Ce 20 janvier, Henry Rollins se produisait à Leuven, dans le cadre de son Charmingly Obstinate tour. Cet artiste aux multiples facettes, icône du Spoken Word et détenteur d’un Grammy Award qu’il s’est vu décerner, en 1995, pour l’adaptation audio de son livre autobiographique Get in the Van, aura tenu le public du Depot en haleine pendant plus de 2h30.
On connaît Henry Rollins de diverses manières. Les fans de Fugazi ont certainement chez eux les albums de State of Alert, formation fugace qu’il intègre à sa création, au début des années 80. Ensuite, il prend possession du micro de Black Flag pour finalement former son propre groupe, le Rollins Band, quelques années plus tard. Parallèlement à cela, il écrit des livres et tient régulièrement de petits rôles au cinéma. En 1995, il se concentre sur une nouvelle forme d’expression, le Spoken Word, ou un flux de paroles continu qu’il débite à propos de sa vie et de celle des gens qu’il croise, des amitiés musicales qu’il vit, des thématiques plus politiques ou environnementales sur lesquelles il a son mot à dire. Et il a énormément de choses à nous raconter.
Henry Rollins est un esprit hyperactif qui, il le dit lui-même, a l’impression de perdre son temps s’il s’octroie une pause d’une heure dans son canapé. Il a besoin d’action, et quand ce n’est pas en Spoken Word, il tente – souvent en vain – de trouver des rôles au cinéma. Il se dit très mauvais acteur, mais ce n’est pas si grave. Et il se fout bien des réactions de ses fans. Voir Henry Rollins apparaître à l’écran, que ce soit en tant que Guard Henry (Lost Highway) ou en tant que coach de hockey un peu barge (Jack Frost), dans un sens ça réjouit.

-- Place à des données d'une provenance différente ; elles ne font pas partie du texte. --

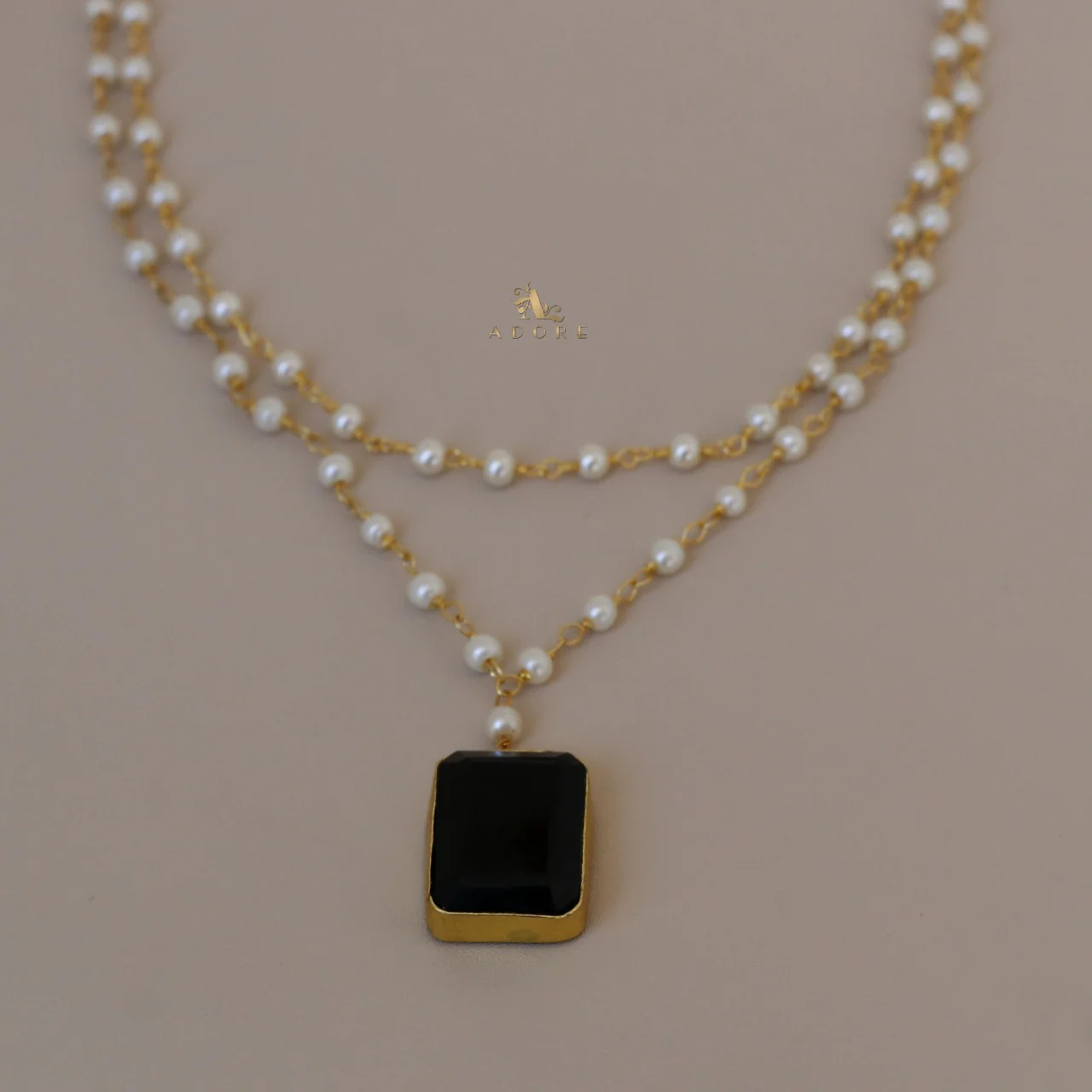 Nasmiya 2 Layer Neckpiece - Image 19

Mais ce qui réjouit encore plus, c’est de le voir débiter, sans arrêt et sans boire une goutte d’eau pendant 2h30, des anecdotes en live, lors de ses tournées Spoken Word. D’un resto japonais en tête à tête avec RuPaul à l’écoute de Raw Power (The Stooges) emmitouflé dans son sac de couchage en Antarctique (climax absolu de la soirée) aux abords d’une horde de pingouins en mode fornication, en passant par les difficultés (et facilités) de produire un album de soutien pour les West Memphis Three, on absorbe sans rechigner, et souvent en riant de bon coeur, tout ce qu’Henry a envie de nous dire. Ce soir au Depot, Henry passe une belle partie de son show à nous parler de deux musiciens importants pour lui qui viennent de nous quitter : Lemmy Kilmister, aka « The Lem » (Motörhead), et David Bowie. Il évoque la sensation de liberté qu’il éprouve grâce à la musique, depuis son adolescence, dans les quartiers chauds de Washington DC.

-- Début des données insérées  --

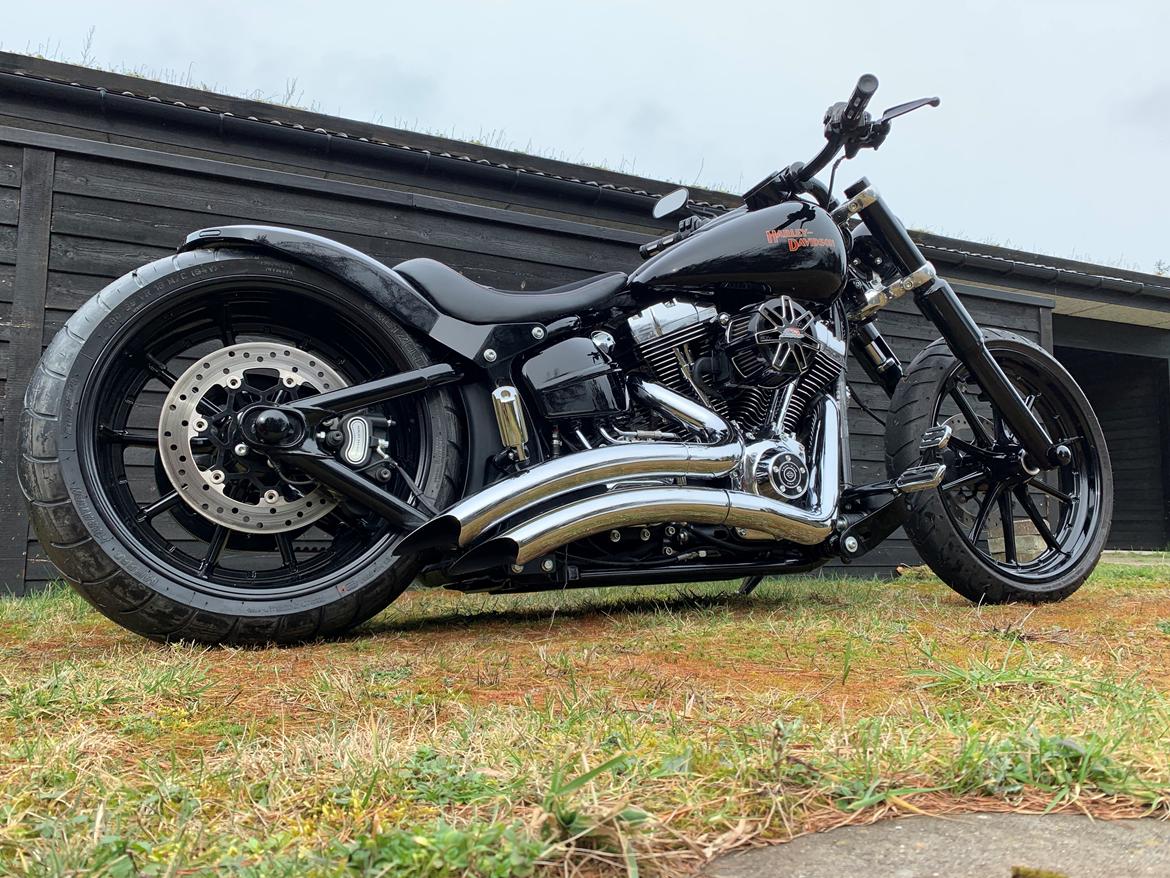 Harley Davidson FXSB Softail Breakout billede 4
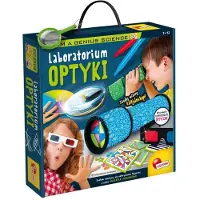 Lisciani Je suis un kit scientifique du laboratoire Genius Optics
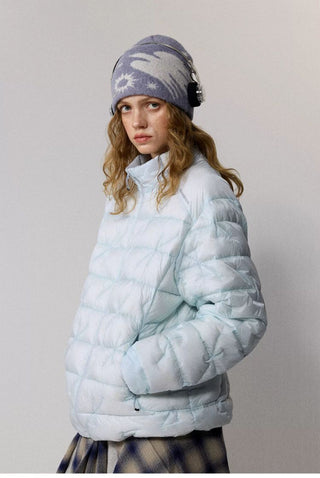 [Monterest] Packable Stand Collar Down Jacket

Comme il l’explique aussi dans un article de LA Weekly, l’écoute de Blackstar le retourne complètement. Et quand, ce soir, la fin du dernier titre (I can’t give everything away) arrive, il a juste envie de prier Bowie de ne pas nous quitter. Ce soir, il nous raconte sa brève rencontre avec le dandy british dans un grand festival belge, en 1997 (probablement Torhout/Werchter puisque le Rollins Band et Bowie se partageaient l’affiche de cette édition). Henry Rollins est comme son public, fan de musique et de musiciens : il est complètement sous le choc (heureux, ce choc) d’avoir partagé une repas de cantine de festival avec le Thin White Dude qui connaissait si bien son travail rédactionnel, reste encore abasourdi d’avoir eu Lou Reed au téléphone suite à son lunch festivalier avec Bowie et d’avoir été si chaleureusement accueilli dans l’appartement une pièce du Lem. Après un peu plus de 2h30 de pur plaisir auditif, boostant le moral de ses spectateurs, Rollins terminera son show par une petite leçon de vie : « Bougez-vous le cul, allez à des concerts, si vous êtes musicien, répétez un max et faites un max de concerts, même si c’est pour deux pelés et trois tondus, car c’est en restant libres qu’on se donne une bonne raison de vivre ». Alright captain !
Vous en voulez encore ? Ecoutez donc l’émission qu’il anime sur l’antenne de la radio américaine KCRW, si justement intitulée Fanatic.